Over time, I noticed that my Emulators in ~/.android/avd directory grew significantly to ~66 GB with one particular AVD, my primary “Pixel 3A” emulator, occupying a whopping 45 GB of storage. This gradual increase in disk usage is not uncommon for AVDs, as they tend to accumulate cache, snapshots and other temporary files over time. Just a reminder, the directory where these emulators live is a dotfile called .android, which can be easily spotted using the Finder tips mentioned earlier.

# List your Android AVDs
emulator -list-avds

# Delete user data in an AVD
emulator -avd "Pixel_3a_API_31" -wipe-data

Using the -wipe-data flag when starting the emulator significantly reduced the storage usage of the “Pixel 3A” emulator to just 10 GB. Starting the emulator with this flag periodically can help keep storage usage in check.

35 GB gained!

Cheat code (Grand perspective)

According to GrandPerspective, “GrandPerspective is a small utility application for macOS that graphically shows the disk usage within a file system.”

Grand perspective

I found GrandPerspective to be incredibly user-friendly and effective for visualizing directory storage usage.
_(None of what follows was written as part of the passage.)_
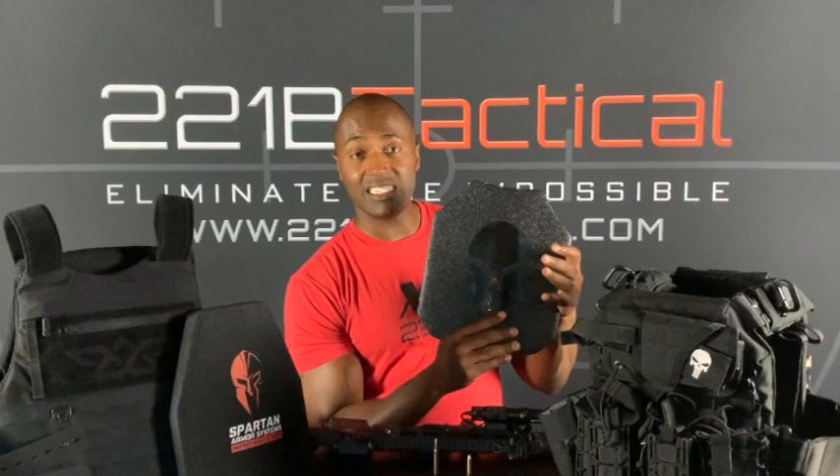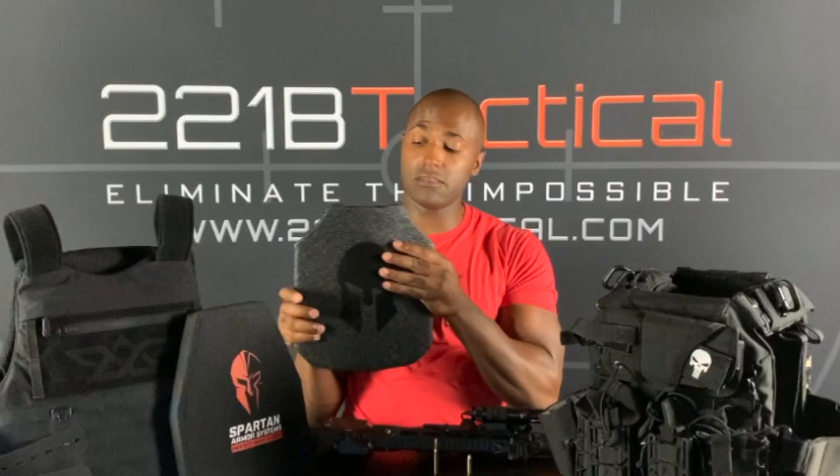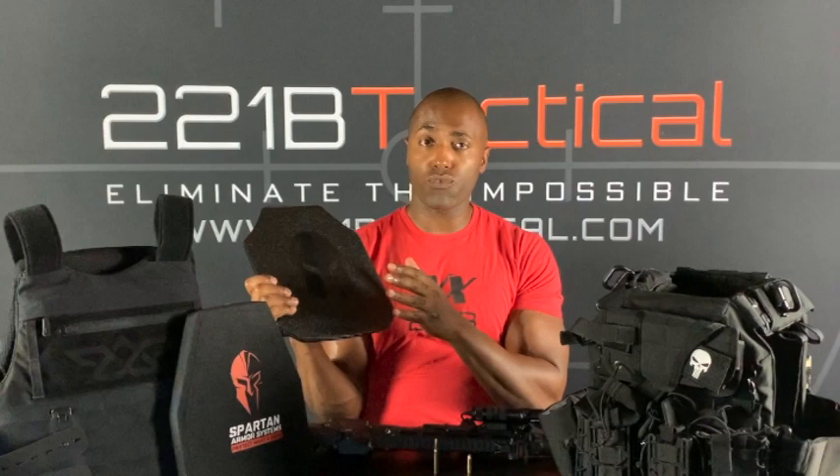So, pricing. A plate like this in 10 by 12 — this is an AR-550 steel plate, it's on our website — for one plate is going to be roughly $110 to $120. So you might be thinking to yourself, that is almost the same price as the soft armor plate that only stops handgun rounds. And you're right, they are similarly priced — they just do different things. So really it's a matter of personal preference and what you're looking to stop. If rifle rounds are not your concern and you think you'll only ever be dealing with handgun rounds, then I would suggest you just get the soft plates.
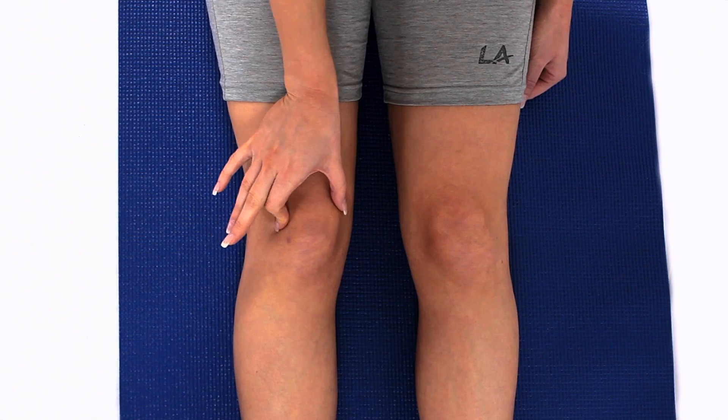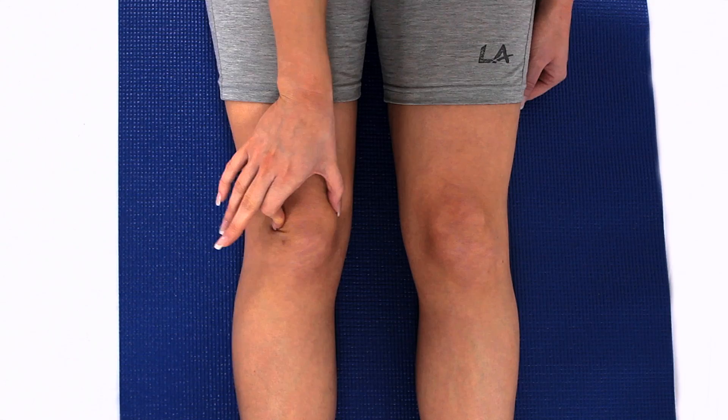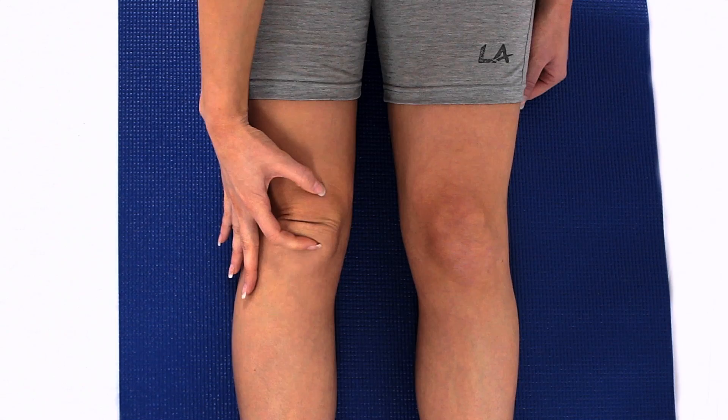Sit with your knee straight and your leg relaxed. Grasp your kneecap (patella) with your fingers and thumb and wiggle your kneecap from side to side and up and down. You can also hold the patella to one side and to the other side.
Its intuitive tree map format provided a clear overview of storage space allocation, making it easy to identify large directories of Docker and Android that were consuming significant storage. This application considers hidden files, dot files, system files that we covered in the blog post so far thereby serving as the cheat code to free up storage space on a Mac.

The application is available for free but consider supporting the developers by downloading from the Mac App Store.

# To install GrandPerspective using Homebrew
brew install —cask grandperspective


Implementing the solutions outlined in this post helped me successfully reclaim approximately 100 GB of free space on my Mac. While the results may vary depending on what’s used for Software development, the methods hopefully serve well in assisting developers to optimise disk storage.